Ce n’est qu’une hypothèse bien sûr, mais se pourrait-il que Lehner ait écrit ces tweets dans une crise de paranoïa ? Ou alors qu’il était dans une phase de manie ? On sait que Lehner est bipolaire et médicamenté. Le ton de défi et la bile déversée sur Alain Vigneault rappelaient les outrances de la paranoïa ou de la manie.

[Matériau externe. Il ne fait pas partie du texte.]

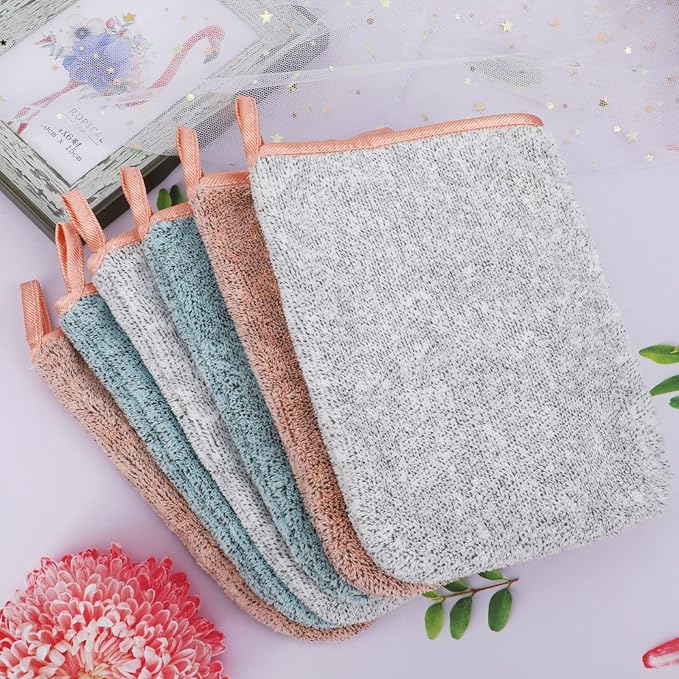 PHOGARY 6 Pack Microfiber Body Wash Mitts, 6×8 Inch Super Absorbent & Soft Face Mitten, Coral Fleece Bath Spa Cloth, Reusable Makeup Remover Mitt Gloves, 3 Colors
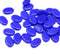 9x6mm Dark blue flat oval lentil czech glass beads, 30Pc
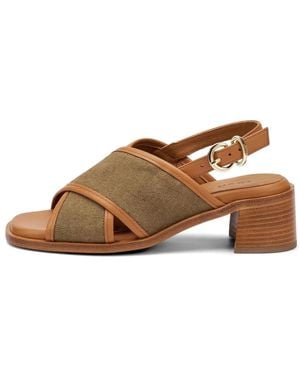 Frau Crossover-Strap Block-Heel Sandals - Brown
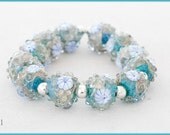 Blue Mermaids Rockpools - Lampwork  Glass beads by Clare Scott SRA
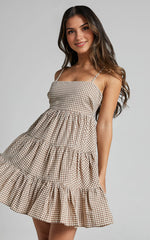 Lorelle Mini Dress – Brown Gingham Tiered Sleeveless Dress with Straight Neckline
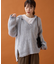 メランジVネックニットフーディー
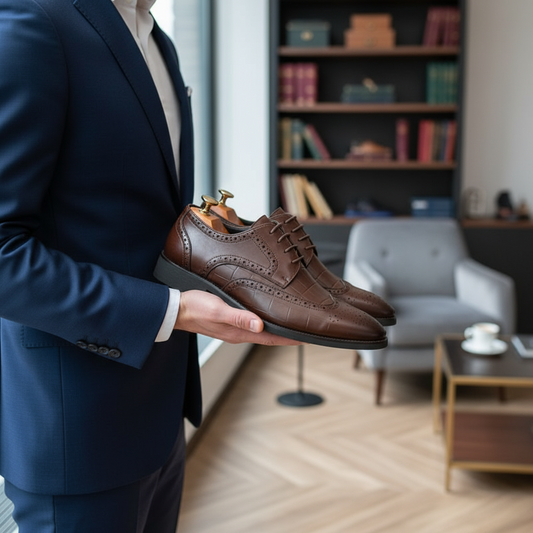 Calvino design Läder Herr Finskor Stilfulla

Simple hypothèse de réflexion.
Il se peut aussi que Robin Lehner ait beaucoup de choses à dénoncer. Pas de filtre, pas de retenue. Ça se peut, il l’a fait dans le passé.
UN MONDE DE PILULES
J’entends les âmes sensibles se scandaliser. On drogue les joueurs. Les médecins sont à la botte des équipes professionnelles. Comment ça se fait qu’on laisse faire pareil scandale ?
Faut réfléchir. Faut toujours prendre le temps de réfléchir. Maurice Richard prenait des pilules quand il prenait le train pour New York ou Chicago après le match du samedi soir au Forum.
Guy Lafleur, Bob Gainey, Larry Robinson et tous les autres que j’ai côtoyés prenaient des médicaments dans le cours d’une saison. Anti-inflammatoires, antidouleurs, calmants pour l’anxiété, somnifères, c’était les pilules habituelles souvent distribuées dans l’avion ou dans l’autobus par un des soigneurs.
Les docteurs préparaient les ordonnances et les joueurs demandaient ce qu’ils croyaient avoir besoin. Sans histoire.
Il y a eu des exceptions, certains individus se sont accrochés aux antidouleurs, mais en général, les joueurs contrôlaient bien ce qu’ils avalaient. Ou les piqûres qu’ils recevaient.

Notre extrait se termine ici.